How I converted PDF to text in Ubuntu.

pdf a text recognition with linux and Operating systems|lower


LINUX RECOGNIZE TEXT

 

  1. Seems to be OCRmyPDF tool suits for me. Lets try  $ sudo apt install ocrmypdf

  2. Select languages $ tesseract –list-langs

  3. Install that you need $ sudo apt install tesseract-ocr-spa

  4. $ ocrmypdf -v -l ‘spa’ old.pdf new.pdf //Got errors and no output

  5. I need -f attribute. $ ocrmypdf -v -f -l spa old.pdf new.pdf //Instead SPA use your PDF language

  6. I’ve got PIL.Image.DecompressionBombError: Image size (1115186111 pixels) exceeds limit of 256,000,000 pixels, could be decompression bomb DOS attack.

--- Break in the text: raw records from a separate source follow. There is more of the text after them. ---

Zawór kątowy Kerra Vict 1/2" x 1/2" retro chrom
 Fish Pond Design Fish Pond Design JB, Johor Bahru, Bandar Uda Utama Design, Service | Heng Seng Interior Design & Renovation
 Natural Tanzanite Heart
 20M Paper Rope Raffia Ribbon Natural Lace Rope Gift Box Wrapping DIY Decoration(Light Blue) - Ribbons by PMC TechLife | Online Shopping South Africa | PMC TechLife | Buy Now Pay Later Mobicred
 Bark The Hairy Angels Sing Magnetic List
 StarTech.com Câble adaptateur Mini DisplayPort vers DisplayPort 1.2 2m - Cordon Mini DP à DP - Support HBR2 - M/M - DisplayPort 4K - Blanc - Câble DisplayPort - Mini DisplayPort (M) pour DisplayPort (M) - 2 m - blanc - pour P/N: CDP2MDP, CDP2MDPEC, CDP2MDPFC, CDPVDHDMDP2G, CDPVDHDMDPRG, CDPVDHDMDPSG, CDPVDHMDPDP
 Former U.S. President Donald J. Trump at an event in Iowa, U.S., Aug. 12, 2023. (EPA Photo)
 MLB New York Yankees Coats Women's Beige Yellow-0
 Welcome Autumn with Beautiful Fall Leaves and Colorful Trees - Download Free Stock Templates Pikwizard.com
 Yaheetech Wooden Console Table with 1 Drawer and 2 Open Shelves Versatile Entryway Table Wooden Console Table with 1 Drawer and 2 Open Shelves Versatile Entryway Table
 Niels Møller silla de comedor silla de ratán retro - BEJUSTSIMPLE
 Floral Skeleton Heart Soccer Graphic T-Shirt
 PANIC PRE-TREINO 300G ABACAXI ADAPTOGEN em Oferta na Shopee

  7. Try to set --max-image-mpixels 1300 $ ocrmypdf -v -f -l spa --max-image-mpixels 1300 old.pdf new.pdf

 

TO EDIT PDF

  1. Install LibreOffice draw $ sudo apt install libreoffice-draw //Starts to work after reboot

  2. $ sudo apt install libreoffice-gnome libreoffice -y // For GNOME -y means YES for any prompt

  3. Try to istall scribus $ sudo apt install scribus // I don't have needed dependancy

  4. $ sudo apt install inkscape // Suitable only for editing one page PDF

  5. Try PDF-Shuffler for edit multipage PDF. $ sudo apt install pdfshuffler // It is good idea to use pdfshuffler for cli

     

 

GRAPHICAL TESSERACT

1. Install gImageReader it from snap.

2. Got an error No tessaract languages are available for use. Recognition will not work.

2.1. Try $ sudo apt install tesseract-ocr-rus // Helped